Already I've made some preparatory plans (in other words, lists) on paper (sorry about this). Having a large voucher is the loveliest of dilemmas. Should I just buy plants for one garden area? I'm thinking the newly cleared area of the Hump, and useful, tough filler shrubs like Pittosporums. Pittosporums are good in my garden, growing in inhospitable place underneath gum trees, or in the dry shade, or the windiest sunniest spots. Never a problem. I love Pittosporums.

A naughty thought...

Now here's a naughty thought. I could indulge myself, and fill up my car with roses and wee maples. Ahem. Stop right there. I do not need more roses. And planting wee maples in mid-summer? Could be distressing (for the maples).
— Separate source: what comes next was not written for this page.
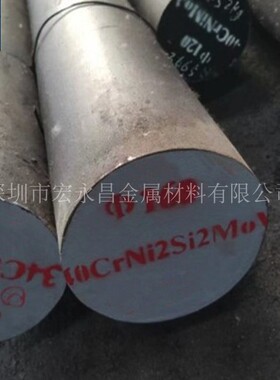 40CrNi2Si2MoV圆钢 圆棒 钢板 锻圆 超高强度钢 合金结构钢 锻件
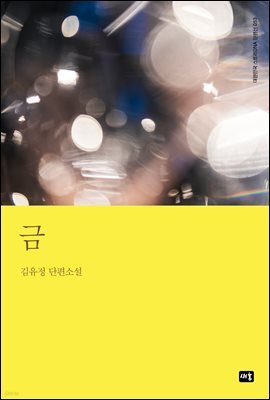 금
Oooh! So exciting, thinking about what to buy, then imagining the plants nestling happily in the garden. Here's another thought. I'd love to have some more little Blondie Phormiums. There's one on a pot by the cottage, so modest and well-behaved (unlike other blondies I know). Now I'm seeing a mass planting of Blondies underneath the flowering cherry trees in the Pond Paddock.

 Surrounded by blue forget-me-nots.
Blondie Phormium in Spring

Aha! The new Pond Paddock garden! It could do with some filler shrubs. And what about a new sun umbrella for the outdoor table by the pond? Terribly sensible. Except I don't sit there so much from mid-summer on, because of the mosquitoes. I had the tiniest tickle of a thought about instant colour. But no, this is not really appropriate. I really need to be terribly sensible, and spend this voucher on the future, rather than pretty pots of colourful annuals which won't last very long in the summer heat. No. Let's recap. This voucher is for shrubs. But not roses. There are too many roses already in my garden.

Later...

Hee hee. Off I went to the store, just to spy out what was available. But then I found a sale-price area, and started grabbing plants : four 'Golfball' Pittosporums (Large ones, labelled Pittosporum Silverball) and two Carexes (Spark Plug is their nursery name, Carex phyllocephala). And then I bought a pack of new hand tools (am always losing mine, oops). There were no Blondies (or any other coloured Phormiums) in the bargain bin, I'm afraid. So I bought one from the nursery on my way home, together with some potting mix.

 And two Carexes.
New Pittosporums

I've planed my new plants in the Pond Paddock Garden. Every morning I walk past here, going from the cottage to the house, so I can easily keep them watered. My friend has also given me a huge box of Renga Renga in root trainers. They have gone around the edge of the new garden. The wee hoses are on and I am happy. Especially now that Non-gardening Partner has mowed the Pond Paddock. That seems to make such a difference.

 Sam McGredy bred.
Michelangelo Roses

And the best thing of all? I still have two hundred dollars left on my voucher, so I can make another trip to check out the bargain bin, maybe after Christmas day. But absolutely no roses. Rose restraint is required.